Out of 44 homes sold in the street in the last five years, the most expensive was a semi-detached property which fetched £265,000 – almost £400,000 less.
The most recent sale of a four-bed detached house within a mile of her property was in May this year, when it fetched £425,000.
No property at all outside of Rayner’s street within a one-mile radius has sold for more than £561,000, according to analysis of Rightmove data. Estimates of the four-bed detached house’s current value on property websites range from £565,000 to £637,000.


And a local estate agent told the Daily Mail it could now be worth between £527,000 and £620,000.
If the property is worth less than the valuation used by Ms Rayner, it means that were it to be sold, her son risks getting less back than the trust in his name paid his mother.
The trust was set up after a compensation payout from the NHS following difficulties during his birth and subsequent care in 2008.
The red-brick house – described as ‘imposing’ in an estate agent’s brochure when it was marketed for £400,000 in 2016 – is larger than the mainly semi-detached and terraced homes in her street.
It is set in what are described as ‘substantial’ grounds – the garden is so large that it adjoins houses several doors away, leading to one neighbour claiming Ms Rayner’s trees are blocking his light.

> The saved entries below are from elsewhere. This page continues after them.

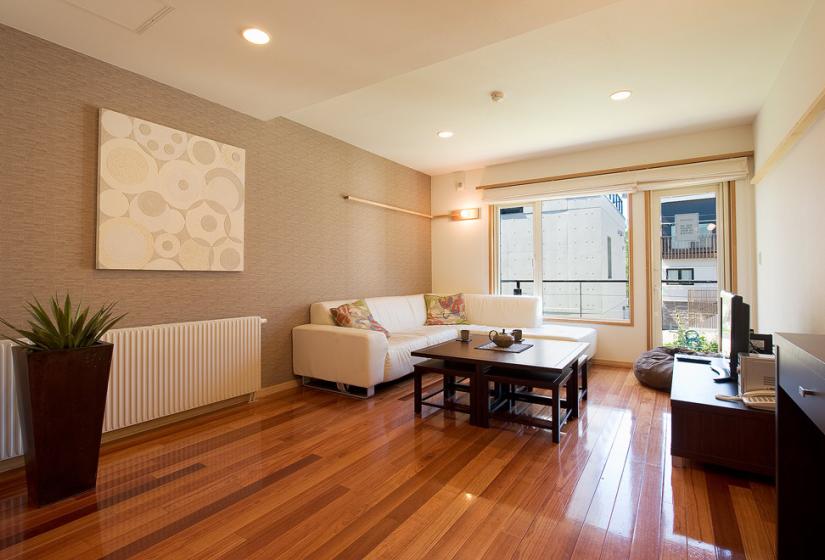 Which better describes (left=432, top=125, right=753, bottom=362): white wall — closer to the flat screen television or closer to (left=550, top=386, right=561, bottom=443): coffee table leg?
the flat screen television

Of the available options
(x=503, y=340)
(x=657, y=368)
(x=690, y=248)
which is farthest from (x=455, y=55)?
(x=690, y=248)

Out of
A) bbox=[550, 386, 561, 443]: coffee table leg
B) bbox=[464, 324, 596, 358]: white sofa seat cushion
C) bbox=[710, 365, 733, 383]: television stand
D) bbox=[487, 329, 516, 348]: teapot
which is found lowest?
bbox=[550, 386, 561, 443]: coffee table leg

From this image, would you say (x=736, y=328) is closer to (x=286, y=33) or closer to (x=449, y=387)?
(x=449, y=387)

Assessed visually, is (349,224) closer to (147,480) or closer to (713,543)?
(147,480)

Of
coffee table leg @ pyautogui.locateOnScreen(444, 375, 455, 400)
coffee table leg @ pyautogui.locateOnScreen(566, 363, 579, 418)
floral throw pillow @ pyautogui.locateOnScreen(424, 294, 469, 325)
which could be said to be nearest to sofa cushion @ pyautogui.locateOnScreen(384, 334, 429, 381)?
coffee table leg @ pyautogui.locateOnScreen(444, 375, 455, 400)

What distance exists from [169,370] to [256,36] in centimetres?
230

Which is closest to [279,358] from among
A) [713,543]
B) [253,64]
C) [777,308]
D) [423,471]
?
[423,471]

The Rayners have built a 6 metre (19ft 6in) extension – an extension typically adds 10-15 per cent to a house’s value. Ms Rayner’s allies have insisted the house was valued by a third party, likely a professional valuer, who would have considered improvements to the property.

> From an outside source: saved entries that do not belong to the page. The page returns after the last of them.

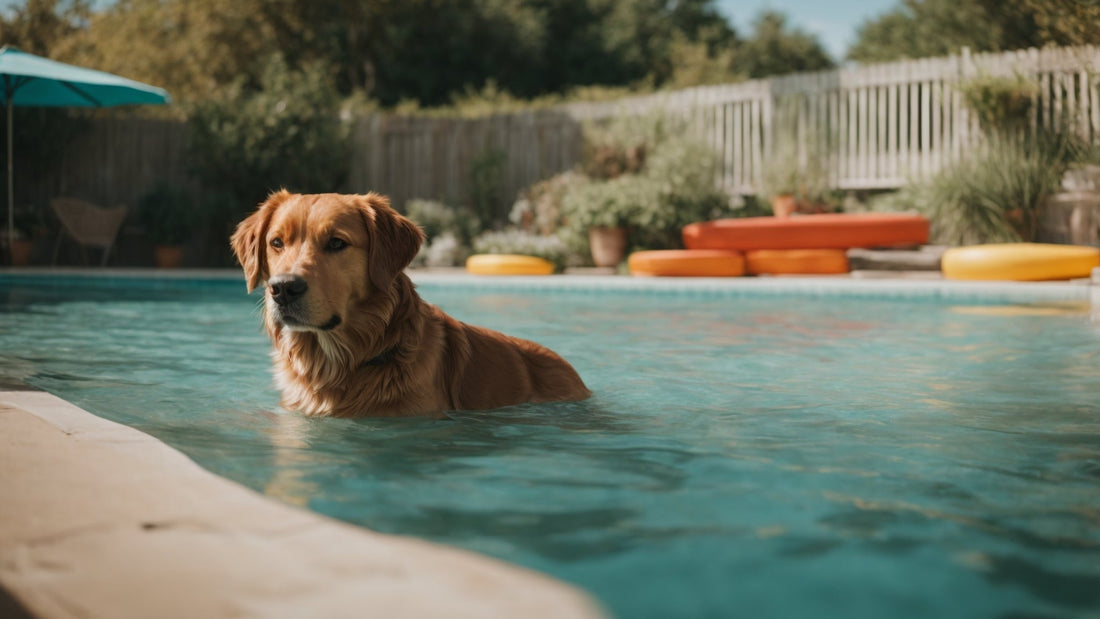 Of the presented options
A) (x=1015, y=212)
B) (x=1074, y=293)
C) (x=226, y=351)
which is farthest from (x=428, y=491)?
(x=1015, y=212)

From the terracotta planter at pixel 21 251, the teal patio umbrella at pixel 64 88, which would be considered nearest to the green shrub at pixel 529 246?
the teal patio umbrella at pixel 64 88

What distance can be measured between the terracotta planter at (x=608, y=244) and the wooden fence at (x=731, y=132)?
8.19ft

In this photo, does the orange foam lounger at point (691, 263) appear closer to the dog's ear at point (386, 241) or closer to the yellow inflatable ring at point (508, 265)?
the yellow inflatable ring at point (508, 265)

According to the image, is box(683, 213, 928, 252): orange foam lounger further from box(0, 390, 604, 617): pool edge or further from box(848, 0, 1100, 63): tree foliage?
box(0, 390, 604, 617): pool edge

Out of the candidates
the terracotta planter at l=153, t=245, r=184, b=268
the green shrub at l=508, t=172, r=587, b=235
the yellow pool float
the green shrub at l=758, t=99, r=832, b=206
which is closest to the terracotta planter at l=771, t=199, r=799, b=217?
the green shrub at l=758, t=99, r=832, b=206

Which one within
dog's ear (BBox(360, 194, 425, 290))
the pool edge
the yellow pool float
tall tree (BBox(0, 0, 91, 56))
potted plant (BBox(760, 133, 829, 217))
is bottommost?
the pool edge

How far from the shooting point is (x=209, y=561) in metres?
1.90

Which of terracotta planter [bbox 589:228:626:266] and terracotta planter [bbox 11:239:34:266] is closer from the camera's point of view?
terracotta planter [bbox 589:228:626:266]

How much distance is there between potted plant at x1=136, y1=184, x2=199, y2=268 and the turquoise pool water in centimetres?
869

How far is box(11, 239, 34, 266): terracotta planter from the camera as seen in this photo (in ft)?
48.0

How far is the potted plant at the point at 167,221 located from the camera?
15.5 meters

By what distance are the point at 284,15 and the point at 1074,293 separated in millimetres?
20417

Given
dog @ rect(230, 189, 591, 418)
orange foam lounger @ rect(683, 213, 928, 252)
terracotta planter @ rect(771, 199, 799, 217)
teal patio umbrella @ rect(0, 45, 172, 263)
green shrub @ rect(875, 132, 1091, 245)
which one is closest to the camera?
dog @ rect(230, 189, 591, 418)

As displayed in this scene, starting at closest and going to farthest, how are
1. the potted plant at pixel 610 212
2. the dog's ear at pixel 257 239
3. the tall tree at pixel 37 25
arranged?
the dog's ear at pixel 257 239
the potted plant at pixel 610 212
the tall tree at pixel 37 25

Earlier this week Ms Rayner said she transferred her share of the house to her now 17-year-old son’s trust in order to ensure he had ‘stability in the family home’.
She and her ex-husband alternate living at the property and look after their two teenage sons under a ‘nesting arrangement’, she said.
Stephanie Churchill, founder of Churchill Taxation, said when a property is put partially or wholly into a trust, there is often no need for a formal surveyor’s valuation.
But if the share is sold, Ms Churchill said she would advise on a ‘robust’ surveyor valuation.
‘If she has taken more money out of the house than she should have done, that could have tax implications,’ Ms Churchill added.